En ces années de grâce 1971-72, Jean-Michel Charlier accouche du scénario parfait, de l’alpha et l’oméga, du maître-étalon, du saint Graal version BD. Pas moins. L’orfèvre au sommet de son art nous cisèle une course au trésor fabuleux, une succession de rebondissements mêlant tueurs à gage cyniques, indiens rebelles, machiavélique baron fou et spectre assassin. Folie de l’or, folie de la soif, folie de la torture… tous déments… tous, sauf notre héros au nez cassé. Charlier et Giraud étaient manifestement las de dessiner des tuniques bleues. Dix albums auront suffi pour nous convaincre que les guerres indiennes ne sont ni belles, ni justes. L’armée n’ayant que faire du trop indépendant lieutenant, Blueberry est mis en disponibilité, puis nommé chérif d’une bourgade perdue à la frontière du Mexique. Une punition en forme de rédemption qu’il partage avec son vieil ami, l’intempérant et crédule Jim MacClure.
Le BD franco-belge bute sur les limites du standard industriel de 48 pages, trop court pour déployer une histoire ambitieuse. Le diptyque est la meilleure réponse. Le Spectre aux balles d'or est la suite de La Mine de l'Allemand perdu.

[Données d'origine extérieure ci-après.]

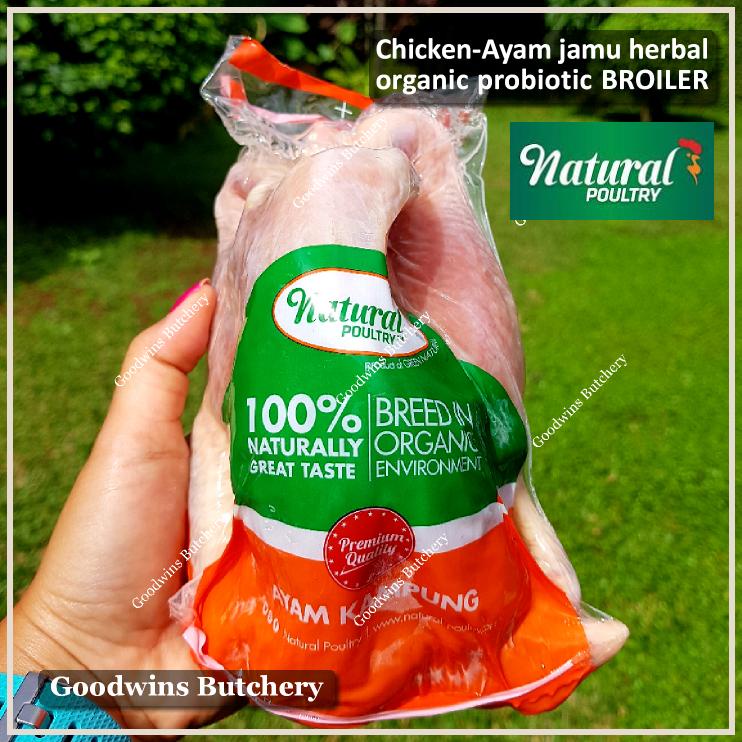 

Ayam PROBIOTIC chicken organic low-fat herbal jamu Natural Poultry KAMPUNG +/- 800 g/pc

Le dessin est admirable. Jean Giraud sublime les références du western spaghetti, voire au cinéma de Sam Peckinpah ; la cible « jeunesse » bride néanmoins ses audaces. Les jeux d’ombres et de lumière sur les décors rocailleux sont sublimes. Le travail de mise en page est audacieux et les scènes d’action fascinantes. Sous nos yeux ébahis, les chevaux galopent, les indiens traquent les visages pâles, les cow-boys dégainent, tirent et meurent. Il excelle dans les sales gueules, les faces burinées, alcooliques et haineuses. Blueberry est épargné par le jeunisme ambiant, les rares minois ménagés dissimulent de parfaites crapules : que ce soit Cole ou, dans les albums ultérieurs, Chihuahua Pearl ou Angel Face. Une seule réserve, les proportions de quelques visages sont maladroites, accentuant leur aspect cabossé. Giraud reste humain et donc faillible. Nous voilà rassuré. Foncez.
PS. Jan Kounen a signé une très personnelle et très chamanique adaptation (Blueberry, l'expérience secrète) cinématographique. Oubliez.